What’s more, Slavitt said that CMS is taking additional steps to aid small practices, including: reducing the time and cost to participate, excluding more small practices (the new policy will exclude an estimated 380,000 clinicians), increasing the availability of advanced APMs to small practices, allowing practices to begin participation at their own pace, changing one of the qualifications for participation in Advanced APMs to be practice-based as an alternative to total cost-based. “Due to these changes, we estimate that small physicians will have the same level of participation as that of other practice sizes,” the blog post read. Indeed, those practices which fall below the requirements of at least $30,000 Medicare Part B charges or 100 Medicare patients are exempt from participating in 2017.
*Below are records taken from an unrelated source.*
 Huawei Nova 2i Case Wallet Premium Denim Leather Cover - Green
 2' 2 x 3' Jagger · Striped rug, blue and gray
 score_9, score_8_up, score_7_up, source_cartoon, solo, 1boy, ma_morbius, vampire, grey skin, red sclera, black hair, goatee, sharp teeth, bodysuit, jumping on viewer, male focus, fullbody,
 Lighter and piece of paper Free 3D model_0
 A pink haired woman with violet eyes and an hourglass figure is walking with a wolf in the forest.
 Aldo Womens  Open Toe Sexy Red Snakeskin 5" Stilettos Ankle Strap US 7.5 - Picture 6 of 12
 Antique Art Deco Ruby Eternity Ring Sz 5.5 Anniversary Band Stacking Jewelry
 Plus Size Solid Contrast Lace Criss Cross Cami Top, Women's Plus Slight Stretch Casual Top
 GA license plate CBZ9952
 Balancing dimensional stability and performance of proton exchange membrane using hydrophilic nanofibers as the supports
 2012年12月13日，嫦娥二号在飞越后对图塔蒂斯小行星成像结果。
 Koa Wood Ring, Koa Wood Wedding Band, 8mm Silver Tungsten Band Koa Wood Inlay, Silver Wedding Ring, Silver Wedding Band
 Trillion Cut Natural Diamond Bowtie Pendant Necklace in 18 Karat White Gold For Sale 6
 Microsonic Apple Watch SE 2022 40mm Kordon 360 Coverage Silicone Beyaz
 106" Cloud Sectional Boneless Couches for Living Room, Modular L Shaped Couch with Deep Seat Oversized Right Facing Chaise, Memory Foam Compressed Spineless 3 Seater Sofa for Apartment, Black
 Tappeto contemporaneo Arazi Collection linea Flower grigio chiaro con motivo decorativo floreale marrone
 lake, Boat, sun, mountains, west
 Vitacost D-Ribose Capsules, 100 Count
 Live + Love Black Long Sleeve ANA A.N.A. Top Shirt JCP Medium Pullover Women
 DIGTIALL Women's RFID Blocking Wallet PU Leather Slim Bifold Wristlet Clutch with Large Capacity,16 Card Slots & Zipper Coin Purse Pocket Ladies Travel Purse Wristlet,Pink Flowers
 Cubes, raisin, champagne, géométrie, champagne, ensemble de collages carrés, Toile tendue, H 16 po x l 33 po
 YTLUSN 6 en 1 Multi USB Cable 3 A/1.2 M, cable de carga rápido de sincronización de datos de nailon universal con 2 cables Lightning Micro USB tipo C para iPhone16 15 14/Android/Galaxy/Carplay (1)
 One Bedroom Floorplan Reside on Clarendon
In his blog, Slavitt noted that much of stakeholder feedback centered on simplified scoring, better feedback, and clear rules. To this end, the government says it is simplifying requirements for the two quality components of the program—the quality measures and practice-specific improvement activities. They are also moving to align the measurement of certified EHR technology with the improvement activities. The statement read, “This will begin 2017 with a portion of the Advancing Care Information measures; we intend to align more of these measures with quality in later years, to further ensure that certified EHRs are being used to support high-quality care. We also narrowed the focus to those measures that support hospitals and physicians safely and securely exchanging information, and we expect both registries and certified EHRs to move to make reporting more ‘push button,’ making such reporting easier for clinicians.”
Finally, CMS is rolling out the new Quality Payment Program website, which will explain the new program and help clinicians identify the measures and activities most meaningful to their practice or specialty.
Federal officials have said that the rule will have a 60-day comment period where more changes could be made. Healthcare Informatics will have more coverage as this story continues to unfold.